嫌そうというより、面倒なものを見た顔だった。フィーアは一瞬だけ目を細め、エイルは小さく首をかしげている。ミリアも、グラウスの反応を見て不安そうにこちらを見た。
「強いのか?」
「強いな」
即答だった。
そこへ、奥の扉が開いて中から小柄な老人が出てきた。
細い。
まず、そう思った。
背は俺よりだいぶ低い。肩幅も広くない。白髪は短く整えられていて、顔には細かい皺がある。腰には剣を下げているが、その体の細さのせいで、剣の方が重そうにすら見えた。
だが、老人は足取り軽くこちらへやってきた。
「はいはい、昇格試験じゃな。こんな忙しい時に物好きもおるもんじゃのう」
声は軽い。
というか、思ったより普通のじいさんだった。
老人はセレナさんから書類を受け取ると、俺ではなく、まずグラウスを見た。
「……げ」
「久しぶりだな、ノルマン爺」
ノルマン試験官は、グラウスを指差した。
「お前さん、まさかまた試験を受けに来たんじゃなかろうな」
「違う。今日はこいつだ」
グラウスが俺の肩に手を置く。
ノルマン試験官の視線が、ようやく俺に向いた。
「ほう」
上から下まで見られる。そして書類に目線を落として何度か頷いた。
「七級か」
「はい」
「希望は六級かの?」
ノルマン試験官は、にこにこと笑った。
「一応五級です」
「はっはっはっ! こりゃ面白い! 一気に三つも上がるやつはそんなにおらんぞ! しかもまだ一週間くらいじゃないかい。なかなか難しい試験になりそうじゃわい」
やはりそう簡単に階級というものは上がらないようだ。薄すわかっていたが、それでもその言葉を聞いたことで体がこわばる。
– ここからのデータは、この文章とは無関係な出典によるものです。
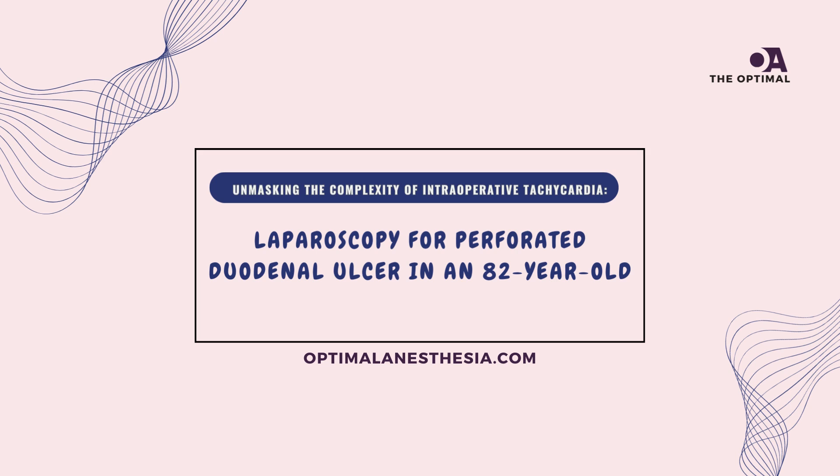Welcome to another episode of Optimal Anesthesia. Today, we're delving into a captivating surgical case done under general anesthesia involving an 85-year-old patient who, amidst laparoscopic surgery for a suspected duodenal perforation, presents a rapid heartbeat at 124 beats per minute.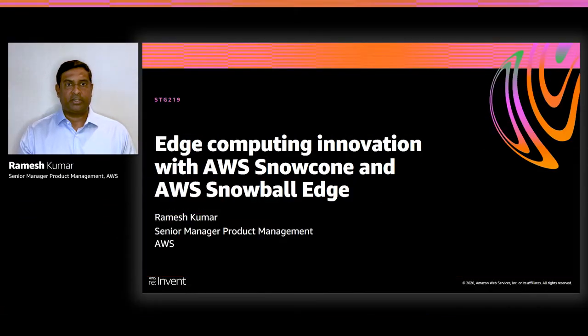Thank you for joining us here today at re:Invent 2020, where we'll talk about evolution in edge computing with AWS Snowcone and AWS Snowball Edge. My name is Ramesh Kumar, and I'm the Senior Manager of Product Management in the AWS Snow Family Service, which includes a family of secure and rugged devices for edge computing and data transfer.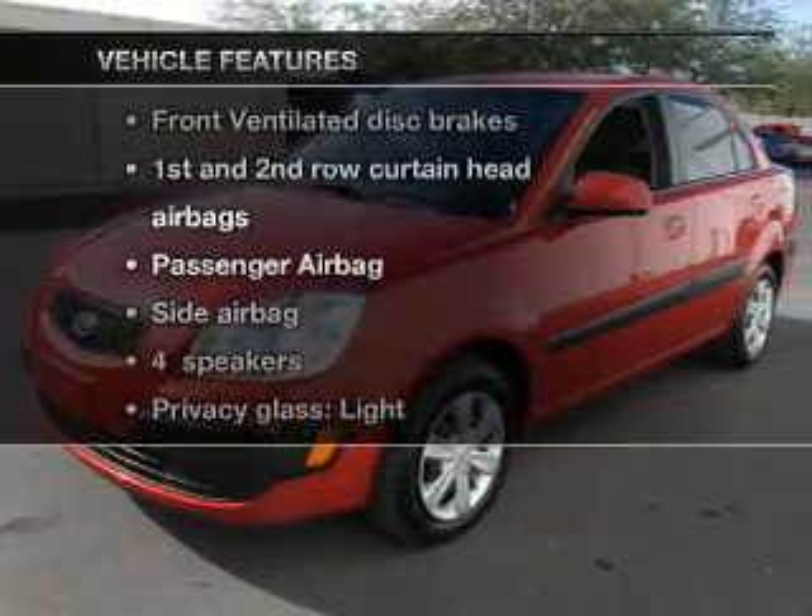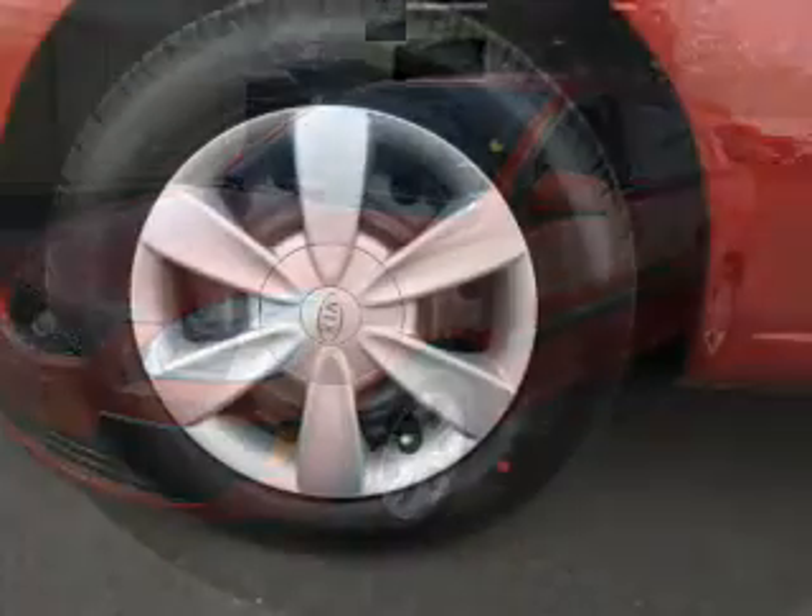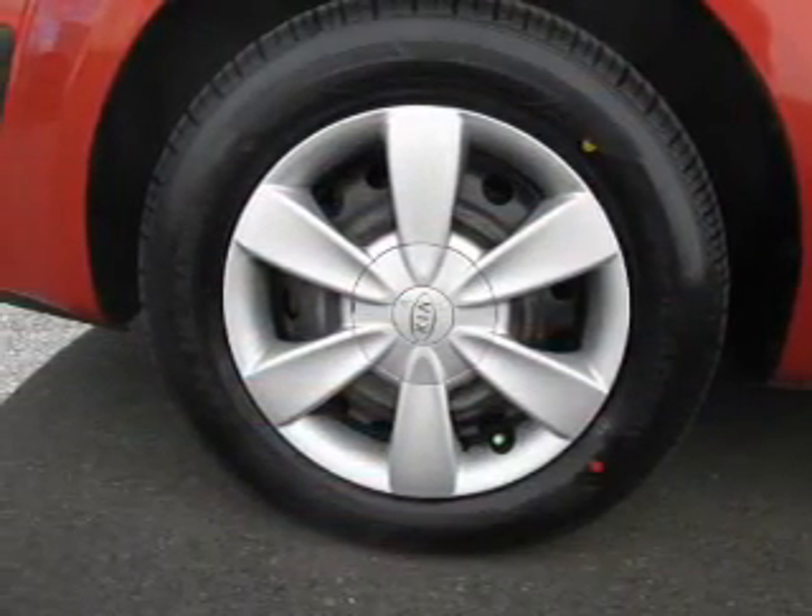Enjoy these notable features that are included in this vehicle: an AM FM stereo, an adjustable tilt steering wheel, and air conditioning.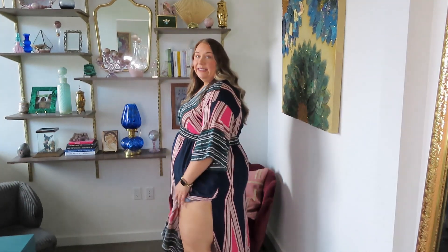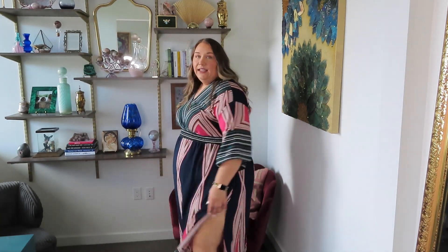It does have some nice leg slitting up the side, which is very fun, and of course it has pockets — we love pockets! I think this is such a good fall dress, but you could also wear this in the spring or summer if you live in a warmer climate, even in winter. I think it really does transcend most seasons.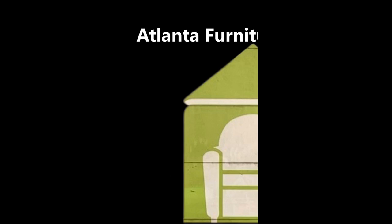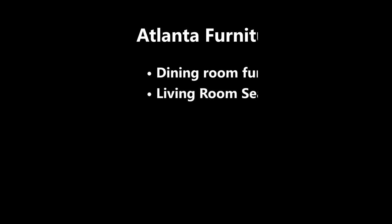With Atlanta Furniture Bank, you're able to get the following items: dining room furniture, one living room seating type of furniture, and one big wooden furniture item — I'll get into that in a moment.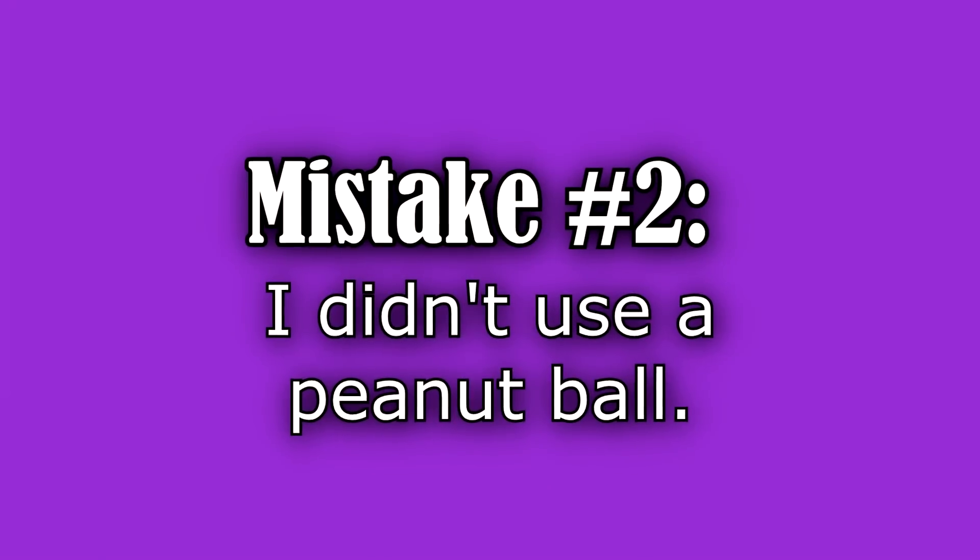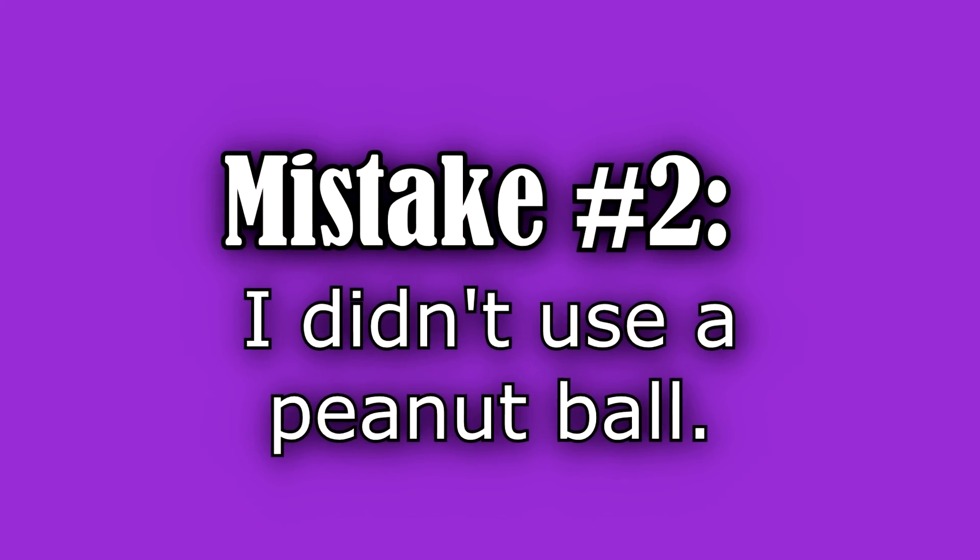The second mistake I made during my first labor was that I did not use a peanut ball while I had an epidural. When I had my first birth, peanut balls weren't really a big deal and I don't even think they had them at the hospital I was delivering at. But now, almost six or seven years later, I've done the research and a lot of people report — and some studies show — that the peanut ball shortens labor and makes pushing a lot easier.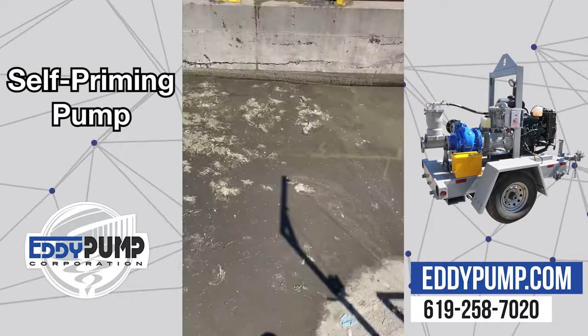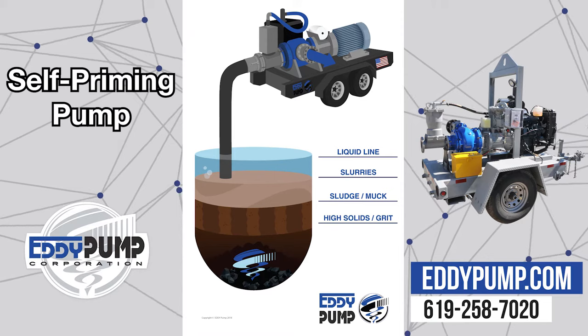This specific unit is trailer-mounted, diesel direct drive. Skid-mounted is also available.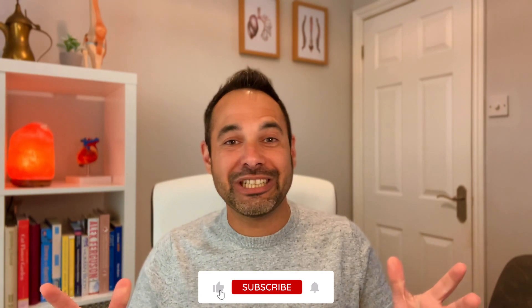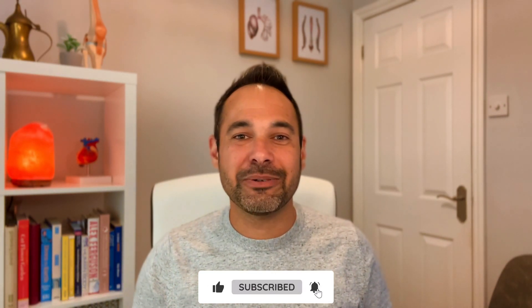Thanks so much for watching. For more content, links are in the description below for our website clinicalphysio.com and our Instagram at clinicalphysio. My name is Khaled — thank you so much for watching, see you soon here on Clinical Physio.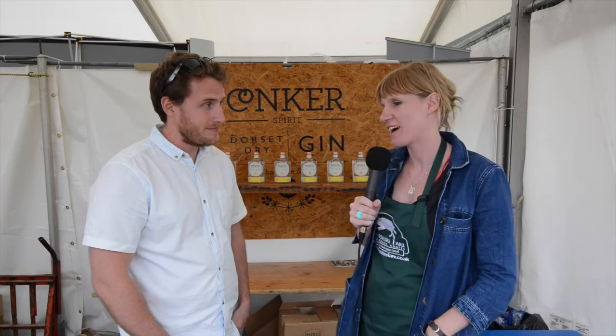We're here at the New Forest Show. I'm Nancy from Hampshire Fare and I'm going to talk to Rupert from Conker Gin. Hello Rupert. How's the show going so far? Yeah, it's been brilliant, thank you. It's our first year doing this show, so pleasantly surprised.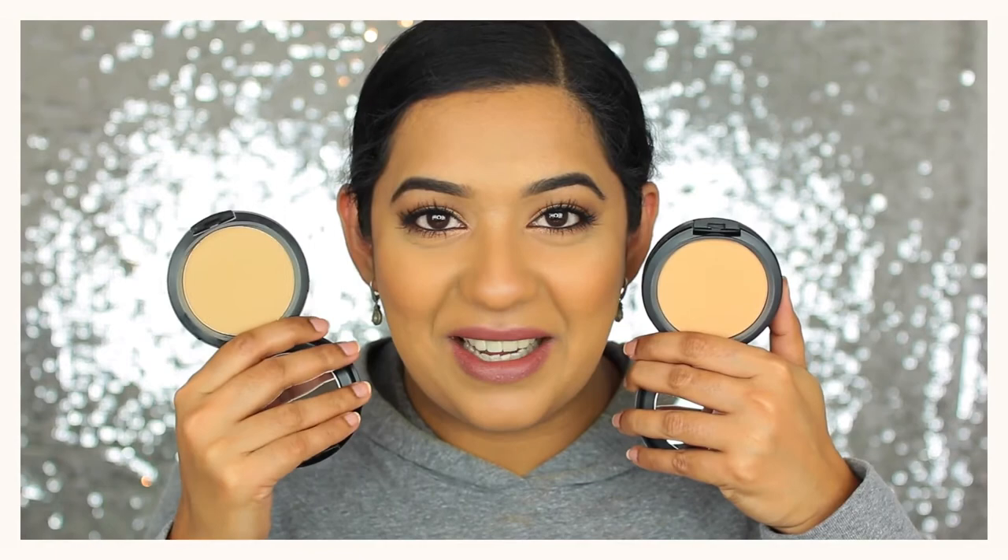A contour product I've loved this year is the Kevin Aucoin Sculpting Powder in Medium — you've seen me use this in so many tutorials so I don't think I need to say much more about it.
「まぁ、そんな怖がらんでええ。試験じゃ試験。命までは取らんよ」
そう言って、老人は軽く肩をすくめる。
俺が少しだけ息を抜きかけたところで、ノルマン試験官の目が細くなった。
「……たぶんの」
背筋に冷たいものが走った。
いや、怖い。
今の最後の一言だけ、全然笑っていなかった。
「普通に怖いんだが」
思わず隣のグラウスに呟くと、グラウスが横で笑った。
「大丈夫だ。死にはしねぇよ。たぶんな」
「そこは断言してくれよ」
「断言できる相手なら俺も安心して見てるんだがな」
嫌なことを言う。
「まぁ、大丈夫だ! みっちり俺が鍛えたんだ。安心しろってことだよ」
ノルマン試験官は、俺たちのやり取りを楽しそうに見てから、くるりと背を向けた。